=== Extracted material ===

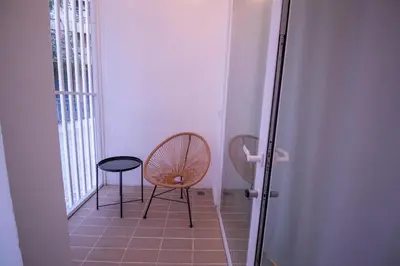 a hallway with a chair and a stool in a room at Breathe Apartments by Concept Flats in Valencia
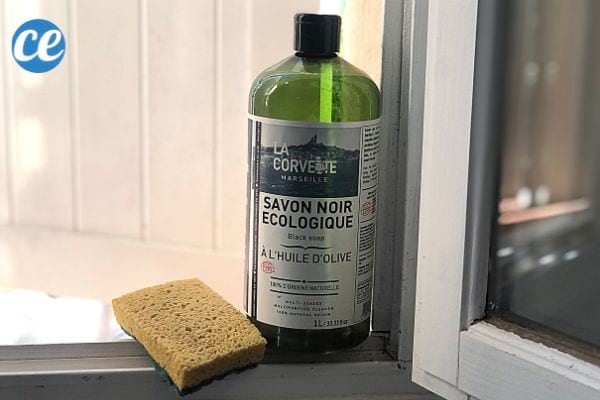 du savon noir et une éponge pour nettoyer les restes de colle sur une fenêtre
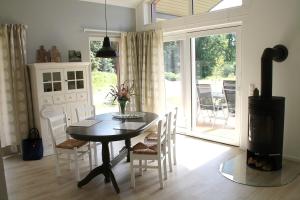 a dining room with a table and chairs and a fireplace at Trine in Lenz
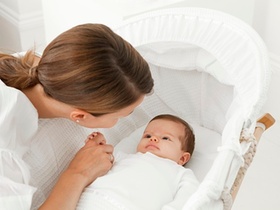 Baby in Wiege hält Finger der Mutter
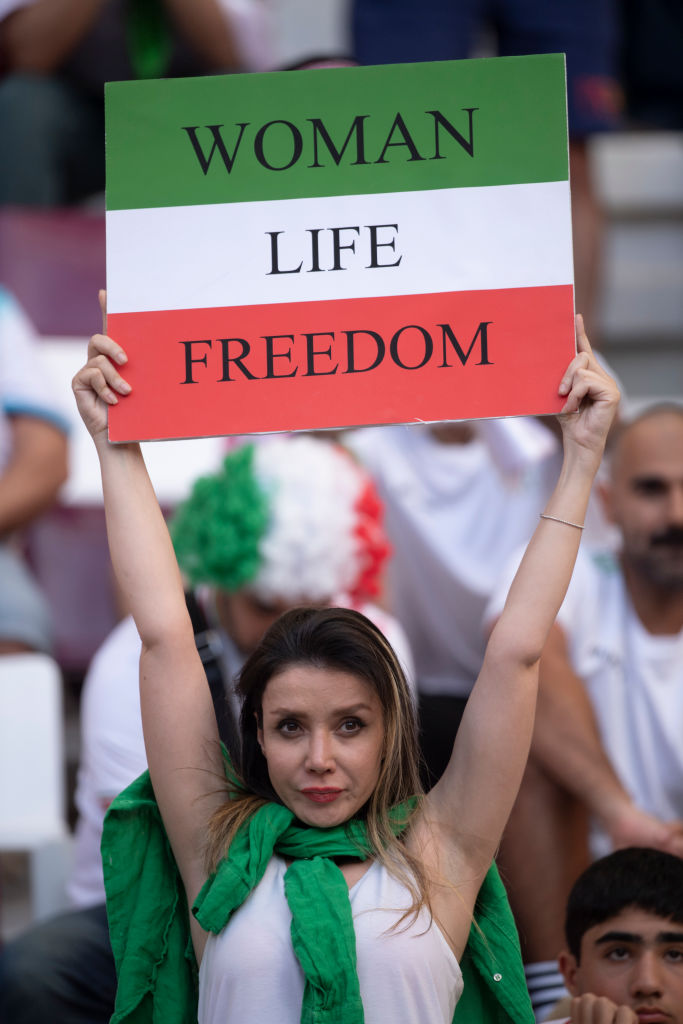DOHA, QATAR - NOVEMBER 21: A fan holds up an Iran sign reading WOMAN LIFE FREEDOM to show solidarity with the women's protest movement in Iran during the FIFA World Cup Qatar 2022 Group B match between England and IR Iran at Khalifa International Stadium on November 21, 2022 in Doha, Qatar. (Photo by Visionhaus/Getty Images)
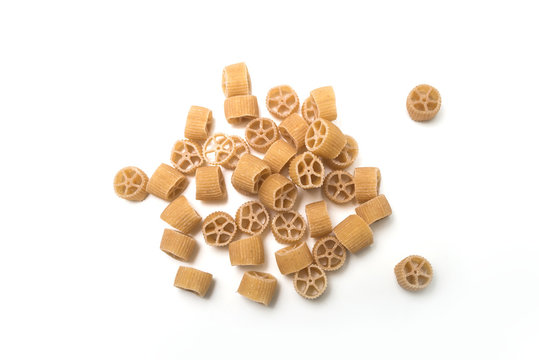 Closeup of gluten free pasta in shaped wheel on top view on white background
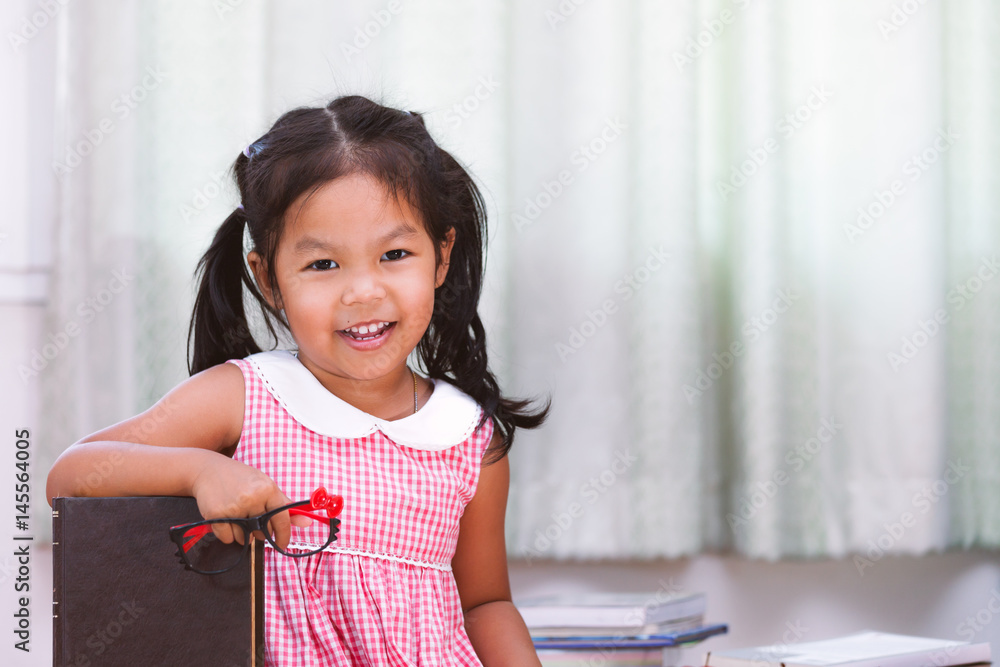 Portrait of happy asian little girl with book Portrait of happy asian little girl with book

===

Your answer must be an exact copy of the listing, minus its pictures.

Task result.
 a hallway with a chair and a stool in a room at Breathe Apartments by Concept Flats in Valencia
 du savon noir et une éponge pour nettoyer les restes de colle sur une fenêtre
 a dining room with a table and chairs and a fireplace at Trine in Lenz
 Baby in Wiege hält Finger der Mutter
DOHA, QATAR - NOVEMBER 21: A fan holds up an Iran sign reading WOMAN LIFE FREEDOM to show solidarity with the women's protest movement in Iran during the FIFA World Cup Qatar 2022 Group B match between England and IR Iran at Khalifa International Stadium on November 21, 2022 in Doha, Qatar. (Photo by Visionhaus/Getty Images)
 Closeup of gluten free pasta in shaped wheel on top view on white background
 Portrait of happy asian little girl with book Portrait of happy asian little girl with book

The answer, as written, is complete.